Before HUG, WILLIAM A. NORRIS, and LEAVY, Circuit Judges.


MEMORANDUM* 

Carl Anders Eckstrom, a California state prisoner, appeals the district court's denial of his habeas corpus petition, 28 U.S.C. § 2254, challenging his murder convictions in Los Angeles County. We remand to the district court with instructions to conduct an evidentiary hearing on Eckstrom's ineffective assistance of counsel claim.

Eckstrom contends he was denied effective assistance of counsel as a result of his trial counsel's failure to present the defense of diminished mental capacity. Eckstrom argues that such failure cannot be justified as a reasonable strategy decision. Specifically, Eckstrom asserts that his counsel's argument that the evidence was insufficient as a matter of law to sustain a first degree murder conviction under People v.
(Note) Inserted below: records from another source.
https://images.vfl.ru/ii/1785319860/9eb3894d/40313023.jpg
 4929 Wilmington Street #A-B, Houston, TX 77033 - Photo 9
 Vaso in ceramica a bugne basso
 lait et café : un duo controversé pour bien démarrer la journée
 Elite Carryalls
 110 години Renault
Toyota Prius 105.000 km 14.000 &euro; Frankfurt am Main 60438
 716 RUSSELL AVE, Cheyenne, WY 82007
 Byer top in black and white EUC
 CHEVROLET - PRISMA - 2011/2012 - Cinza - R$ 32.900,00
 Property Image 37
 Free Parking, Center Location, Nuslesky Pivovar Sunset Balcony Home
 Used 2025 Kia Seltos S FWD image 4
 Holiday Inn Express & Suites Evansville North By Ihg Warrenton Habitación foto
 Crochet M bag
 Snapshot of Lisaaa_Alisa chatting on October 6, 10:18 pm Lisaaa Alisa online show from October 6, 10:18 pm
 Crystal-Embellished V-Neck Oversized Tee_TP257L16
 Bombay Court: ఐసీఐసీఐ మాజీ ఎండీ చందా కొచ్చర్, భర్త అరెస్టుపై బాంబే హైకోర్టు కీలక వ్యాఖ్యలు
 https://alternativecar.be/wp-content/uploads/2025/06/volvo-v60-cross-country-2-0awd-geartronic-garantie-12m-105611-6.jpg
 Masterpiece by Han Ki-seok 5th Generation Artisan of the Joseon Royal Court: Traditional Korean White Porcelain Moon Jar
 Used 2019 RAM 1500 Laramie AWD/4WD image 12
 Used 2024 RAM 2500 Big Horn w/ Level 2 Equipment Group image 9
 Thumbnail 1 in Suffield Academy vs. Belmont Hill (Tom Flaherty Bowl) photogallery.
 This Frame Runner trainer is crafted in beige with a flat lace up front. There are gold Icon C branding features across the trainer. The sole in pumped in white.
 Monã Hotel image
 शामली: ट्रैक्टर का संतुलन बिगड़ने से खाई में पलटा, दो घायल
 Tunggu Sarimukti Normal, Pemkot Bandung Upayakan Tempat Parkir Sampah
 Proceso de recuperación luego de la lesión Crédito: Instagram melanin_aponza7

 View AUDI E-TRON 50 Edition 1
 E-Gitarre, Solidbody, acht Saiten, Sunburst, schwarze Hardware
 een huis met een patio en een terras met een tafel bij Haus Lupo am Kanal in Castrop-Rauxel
Anderson, 70 Cal. 2d 15, 447 P.2d 942 (1968), was inappropriate for his case. Eckstrom maintains that, at a minimum, his counsel should have raised the defense of diminished capacity as an alternative defense. Significantly, Eckstrom argues that there is a reasonable probability that the outcome of his trial would have been different if counsel had presented the defense of diminished capacity.

In order to prevail on a claim of ineffective assistance of counsel, a petitioner must show that his attorney's conduct fell below the objective standard of reasonableness and that the deficient performance prejudiced his defense. Strickland v. Washington, 466 U.S. 668, 687-88 (1984). Courts must "indulge a strong presumption that counsel's conduct falls within the wide range of reasonable professional assistance; that is, the defendant must overcome the presumption that, under the circumstances, the challenged action 'might be considered sound trial strategy.' " Id. at 689 (quoting Michel v. Louisiana, 350 U.S. 91, 101 (1955)).

In this case, we are concerned because Eckstrom's trial counsel did not present the defense of diminished capacity. An extensive psychiatric history in support of a diminished capacity defense was presented by the defense counsel through the testimony of the psychiatrist, Dr. Pollack, at Eckstrom's Orange County trial. In the Los Angeles County trial, the subject of this petition, defense counsel did not have Dr. Pollack testify to establish any basis upon which diminished capacity could be found. Because we conclude that Eckstrom raises a colorable claim of ineffective assistance of counsel and there has not been a state or federal hearing on this claim, we must remand to the district court for an evidentiary hearing on this matter.1  See Smith v. McCormick, 914 F.2d 1153, 1170 (9th Cir. 1990).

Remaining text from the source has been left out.